• **Material provided**:
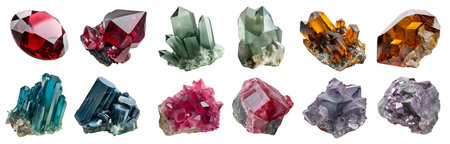Collection of gemstone mineral rocks crystal semi-precious stones. cutout. Spurrite, Proustite, Scheelite, Vivianite, Scorodite, VaÌyrynenite. Many style. Mockupの写真素材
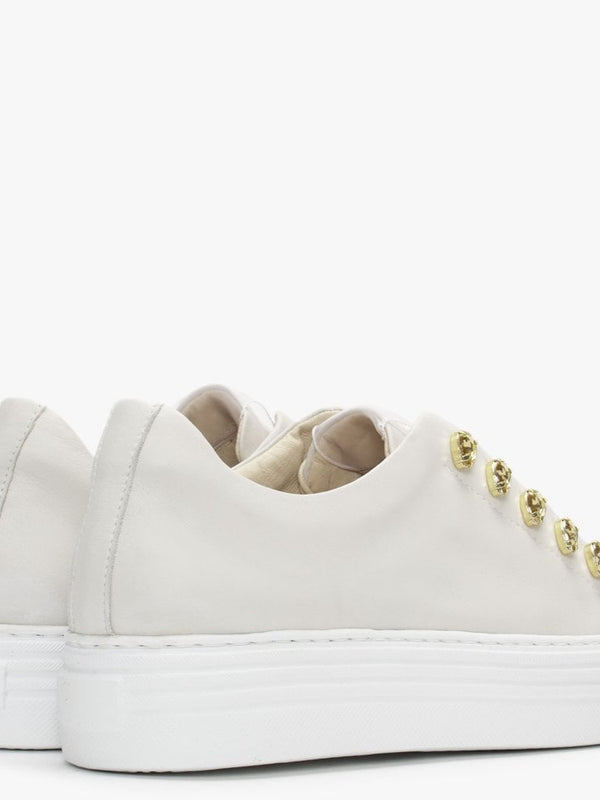 Mewjewell White Leather Flatform Trainers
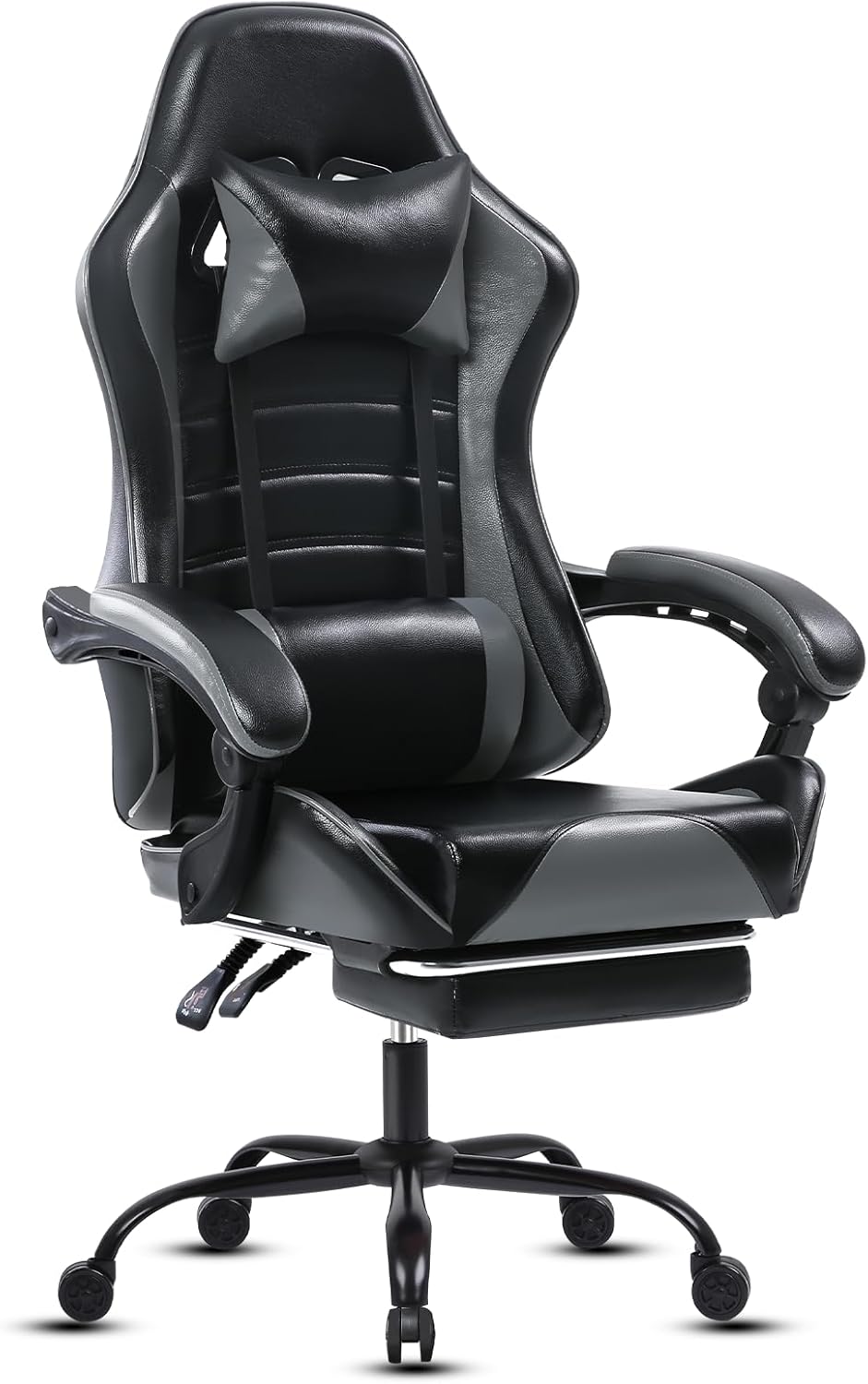 Ergonomic Gaming Chair with Footrest, Racing Style Video Game Chair for Adults, Reclining Gamer Chair Office Chair with Headrest and Lumbar Support High Back Computer Chair for Heavy People, Grey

• **Task requirements**: The task requires the full listing to be given again verbatim, without its pictures.

• **Exercise output**:
Collection of gemstone mineral rocks crystal semi-precious stones. cutout. Spurrite, Proustite, Scheelite, Vivianite, Scorodite, VaÌyrynenite. Many style. Mockupの写真素材
 Mewjewell White Leather Flatform Trainers
 Ergonomic Gaming Chair with Footrest, Racing Style Video Game Chair for Adults, Reclining Gamer Chair Office Chair with Headrest and Lumbar Support High Back Computer Chair for Heavy People, Grey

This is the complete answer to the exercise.